Given is the following differential equation
\begin{align}
y'' +w^2y = cos(w_0x), \\\\
w,w_0>0, w\neq w_0 \\\\
y(0)=1, y'(0)=0
\end{align}
So I procede solving the homogen part. Then the inhomogen with variation of constant
\begin{align}
y'' + w^2y=0 \\
y_h(x)=Acos(wx)+Bsin(wx)
\end{align}
Anyway solving like normal coefficient I get the $w$ and not w_0.
\begin{align}
\end{align}
I tried to continue with the wronski matrix, but the integral become really a mess and isn't the correct solution.
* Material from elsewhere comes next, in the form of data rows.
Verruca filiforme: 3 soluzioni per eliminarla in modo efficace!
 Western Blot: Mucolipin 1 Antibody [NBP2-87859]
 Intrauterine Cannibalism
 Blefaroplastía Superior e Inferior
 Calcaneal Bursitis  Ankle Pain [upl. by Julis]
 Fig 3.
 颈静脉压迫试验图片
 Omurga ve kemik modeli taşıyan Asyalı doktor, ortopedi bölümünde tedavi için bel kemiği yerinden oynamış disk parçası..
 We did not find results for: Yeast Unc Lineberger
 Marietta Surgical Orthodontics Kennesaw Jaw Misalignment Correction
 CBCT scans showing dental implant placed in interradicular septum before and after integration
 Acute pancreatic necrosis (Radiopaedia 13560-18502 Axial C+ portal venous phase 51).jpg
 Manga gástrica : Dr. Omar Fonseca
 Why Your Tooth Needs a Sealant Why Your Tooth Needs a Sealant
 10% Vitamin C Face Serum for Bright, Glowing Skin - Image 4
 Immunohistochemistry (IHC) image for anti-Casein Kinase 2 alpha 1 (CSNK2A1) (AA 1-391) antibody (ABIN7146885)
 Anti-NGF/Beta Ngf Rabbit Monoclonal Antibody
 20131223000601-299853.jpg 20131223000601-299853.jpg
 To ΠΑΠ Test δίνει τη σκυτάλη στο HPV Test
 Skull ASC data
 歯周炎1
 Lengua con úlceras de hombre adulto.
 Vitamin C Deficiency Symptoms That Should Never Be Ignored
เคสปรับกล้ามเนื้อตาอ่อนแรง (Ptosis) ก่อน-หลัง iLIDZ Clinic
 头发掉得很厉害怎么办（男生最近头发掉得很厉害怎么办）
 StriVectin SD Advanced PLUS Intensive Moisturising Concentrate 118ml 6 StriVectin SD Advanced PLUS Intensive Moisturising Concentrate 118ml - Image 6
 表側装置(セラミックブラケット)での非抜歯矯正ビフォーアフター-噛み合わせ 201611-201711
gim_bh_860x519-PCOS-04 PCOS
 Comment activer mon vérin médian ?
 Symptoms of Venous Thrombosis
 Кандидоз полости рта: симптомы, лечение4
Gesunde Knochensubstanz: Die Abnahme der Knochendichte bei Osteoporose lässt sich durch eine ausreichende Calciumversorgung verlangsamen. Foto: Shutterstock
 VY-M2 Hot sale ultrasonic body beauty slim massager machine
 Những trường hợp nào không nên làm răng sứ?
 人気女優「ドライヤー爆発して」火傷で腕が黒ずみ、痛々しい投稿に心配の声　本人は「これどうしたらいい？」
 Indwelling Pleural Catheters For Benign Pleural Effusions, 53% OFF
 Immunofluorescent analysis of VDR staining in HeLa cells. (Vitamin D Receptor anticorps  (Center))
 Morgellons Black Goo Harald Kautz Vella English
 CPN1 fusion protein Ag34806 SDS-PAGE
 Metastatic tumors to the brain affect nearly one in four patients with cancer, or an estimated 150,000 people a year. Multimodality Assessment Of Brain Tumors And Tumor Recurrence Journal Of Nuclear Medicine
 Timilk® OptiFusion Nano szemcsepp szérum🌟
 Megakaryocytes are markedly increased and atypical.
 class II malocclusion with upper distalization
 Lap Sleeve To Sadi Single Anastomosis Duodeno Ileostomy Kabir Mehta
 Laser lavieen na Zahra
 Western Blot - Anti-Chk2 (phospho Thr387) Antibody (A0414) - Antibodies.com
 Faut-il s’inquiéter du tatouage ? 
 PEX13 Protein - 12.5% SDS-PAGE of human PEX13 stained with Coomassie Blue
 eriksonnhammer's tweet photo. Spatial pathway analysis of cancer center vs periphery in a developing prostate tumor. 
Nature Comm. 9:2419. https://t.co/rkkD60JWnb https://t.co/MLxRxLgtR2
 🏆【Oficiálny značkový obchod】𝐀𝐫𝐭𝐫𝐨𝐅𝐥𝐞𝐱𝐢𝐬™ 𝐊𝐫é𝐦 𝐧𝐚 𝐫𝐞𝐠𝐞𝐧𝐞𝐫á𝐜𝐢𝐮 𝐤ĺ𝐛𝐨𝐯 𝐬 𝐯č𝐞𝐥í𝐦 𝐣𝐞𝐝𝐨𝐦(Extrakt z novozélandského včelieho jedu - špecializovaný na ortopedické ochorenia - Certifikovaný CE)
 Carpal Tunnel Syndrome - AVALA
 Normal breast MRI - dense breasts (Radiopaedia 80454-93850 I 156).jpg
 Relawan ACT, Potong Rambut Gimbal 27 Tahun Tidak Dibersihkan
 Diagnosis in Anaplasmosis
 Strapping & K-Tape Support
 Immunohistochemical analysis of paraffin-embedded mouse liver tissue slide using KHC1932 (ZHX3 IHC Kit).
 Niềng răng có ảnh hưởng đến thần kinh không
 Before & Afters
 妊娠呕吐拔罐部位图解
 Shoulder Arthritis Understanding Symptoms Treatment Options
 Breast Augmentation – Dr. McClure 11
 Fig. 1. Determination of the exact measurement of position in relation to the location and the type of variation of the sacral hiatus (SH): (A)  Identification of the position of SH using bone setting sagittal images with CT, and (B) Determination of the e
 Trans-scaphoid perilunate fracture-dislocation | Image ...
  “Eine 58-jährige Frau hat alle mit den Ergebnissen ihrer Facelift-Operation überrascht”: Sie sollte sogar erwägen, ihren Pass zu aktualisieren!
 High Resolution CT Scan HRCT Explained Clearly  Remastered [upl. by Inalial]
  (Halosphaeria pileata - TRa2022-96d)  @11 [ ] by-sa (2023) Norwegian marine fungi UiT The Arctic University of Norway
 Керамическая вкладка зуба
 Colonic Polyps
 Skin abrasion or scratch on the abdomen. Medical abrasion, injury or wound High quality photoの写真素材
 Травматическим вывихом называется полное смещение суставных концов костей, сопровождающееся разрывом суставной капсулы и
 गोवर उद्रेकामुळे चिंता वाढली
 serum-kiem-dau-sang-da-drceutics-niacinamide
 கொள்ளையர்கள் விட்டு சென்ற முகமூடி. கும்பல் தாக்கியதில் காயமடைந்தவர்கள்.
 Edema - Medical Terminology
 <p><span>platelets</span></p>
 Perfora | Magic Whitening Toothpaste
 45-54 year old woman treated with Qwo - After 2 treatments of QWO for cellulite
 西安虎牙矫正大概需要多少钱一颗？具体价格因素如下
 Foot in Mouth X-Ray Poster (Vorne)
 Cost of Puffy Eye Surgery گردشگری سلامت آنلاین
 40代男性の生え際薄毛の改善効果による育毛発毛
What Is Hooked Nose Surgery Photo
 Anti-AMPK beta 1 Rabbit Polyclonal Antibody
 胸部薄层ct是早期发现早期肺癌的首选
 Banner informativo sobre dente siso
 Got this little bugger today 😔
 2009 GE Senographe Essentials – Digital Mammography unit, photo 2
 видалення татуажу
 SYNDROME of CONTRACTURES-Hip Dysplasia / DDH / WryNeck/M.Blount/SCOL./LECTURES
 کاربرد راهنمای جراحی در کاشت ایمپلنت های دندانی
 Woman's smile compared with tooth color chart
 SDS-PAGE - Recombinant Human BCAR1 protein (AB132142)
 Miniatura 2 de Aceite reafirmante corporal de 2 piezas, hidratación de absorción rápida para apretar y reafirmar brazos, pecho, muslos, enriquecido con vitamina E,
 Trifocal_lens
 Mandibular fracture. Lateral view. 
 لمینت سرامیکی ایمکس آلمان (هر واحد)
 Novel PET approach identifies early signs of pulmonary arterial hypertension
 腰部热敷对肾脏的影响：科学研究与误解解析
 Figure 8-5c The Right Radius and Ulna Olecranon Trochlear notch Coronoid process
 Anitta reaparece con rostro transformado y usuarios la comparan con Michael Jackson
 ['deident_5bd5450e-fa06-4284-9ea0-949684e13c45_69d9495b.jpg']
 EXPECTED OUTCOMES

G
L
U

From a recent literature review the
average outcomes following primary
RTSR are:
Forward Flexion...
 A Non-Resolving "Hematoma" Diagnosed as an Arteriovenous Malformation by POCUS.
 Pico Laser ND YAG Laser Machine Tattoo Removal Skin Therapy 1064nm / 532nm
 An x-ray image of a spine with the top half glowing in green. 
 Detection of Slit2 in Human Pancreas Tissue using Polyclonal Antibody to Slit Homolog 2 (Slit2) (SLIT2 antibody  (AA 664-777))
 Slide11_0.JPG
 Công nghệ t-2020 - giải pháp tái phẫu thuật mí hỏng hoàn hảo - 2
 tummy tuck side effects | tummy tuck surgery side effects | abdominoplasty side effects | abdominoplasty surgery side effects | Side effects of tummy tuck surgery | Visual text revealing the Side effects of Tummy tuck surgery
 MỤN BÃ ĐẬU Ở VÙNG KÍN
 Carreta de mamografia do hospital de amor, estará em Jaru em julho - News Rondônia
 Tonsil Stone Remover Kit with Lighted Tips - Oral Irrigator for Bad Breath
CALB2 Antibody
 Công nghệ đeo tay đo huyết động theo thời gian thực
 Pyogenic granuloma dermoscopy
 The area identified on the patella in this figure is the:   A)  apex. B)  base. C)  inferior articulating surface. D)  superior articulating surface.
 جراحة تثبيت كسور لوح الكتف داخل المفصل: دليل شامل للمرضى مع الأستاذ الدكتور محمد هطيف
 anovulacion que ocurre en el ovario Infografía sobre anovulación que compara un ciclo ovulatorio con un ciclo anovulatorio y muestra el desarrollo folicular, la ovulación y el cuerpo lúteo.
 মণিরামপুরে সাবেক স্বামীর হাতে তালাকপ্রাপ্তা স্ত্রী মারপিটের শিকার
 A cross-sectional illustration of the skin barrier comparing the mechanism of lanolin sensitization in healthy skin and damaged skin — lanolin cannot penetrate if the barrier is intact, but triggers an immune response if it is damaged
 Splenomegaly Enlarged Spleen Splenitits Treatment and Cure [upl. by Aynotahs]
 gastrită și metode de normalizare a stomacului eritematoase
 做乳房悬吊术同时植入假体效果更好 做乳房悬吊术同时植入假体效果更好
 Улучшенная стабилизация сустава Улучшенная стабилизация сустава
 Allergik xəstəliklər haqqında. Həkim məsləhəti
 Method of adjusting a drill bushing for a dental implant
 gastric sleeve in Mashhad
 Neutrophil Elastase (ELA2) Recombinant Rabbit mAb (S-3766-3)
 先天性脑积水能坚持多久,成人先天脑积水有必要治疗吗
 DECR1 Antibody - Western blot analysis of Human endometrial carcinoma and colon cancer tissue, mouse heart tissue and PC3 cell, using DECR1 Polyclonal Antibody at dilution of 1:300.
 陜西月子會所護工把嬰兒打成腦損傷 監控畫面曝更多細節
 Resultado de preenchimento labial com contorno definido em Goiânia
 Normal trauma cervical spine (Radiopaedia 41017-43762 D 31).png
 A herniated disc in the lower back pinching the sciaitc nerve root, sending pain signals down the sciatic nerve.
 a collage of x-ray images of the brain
Any hint?
\begin{align}
\\\\
\end{align}
The correct solution is:
\begin{align}
y(x)= cos(wx)+\frac{cos(w_0x) -cos(wx)}{w^2-w_0^2}
\end{align}
Best Answer
Hint: Try to solve first $$y_1''+ w^2 y_1 =0$$ Then try to substitute $y_2(x)=A\cos(w_0 x)+B\sin(w_0 x)$ to the original equation, and try to find $A$ and $B$. Then the complete solution will be $$y(x)=y_1(x)+y_2(x)$$ because the linearity: $$y''+w^2y=(y_1''+w^2y_1)+(y_2''+w^2y_2)=(0)+(\cos(w_0 x))=\cos(w_0 x)$$
Substituting $y_2$ into the equation we get that $$-Aw_0^2\cos(w_0 x)-Bw_0^2\sin(w_0 x)+w^2(A\cos(w_0 x)+B\sin(w_0 x))=\cos(wx)$$ $$(-Aw_0^2+Aw^2)\cos(w_0x)+(-Bw_0^2+Bw^2)\sin(w_0x)=\cos(w_0 x)$$ So we need that $$-A w_0^2+Aw^2=1$$ And $$-Bw_0^2+Bw^2=0$$
But of course, you can also use Laplace or Fourier transform, or maybe Green's method, but I think that would be an overkill.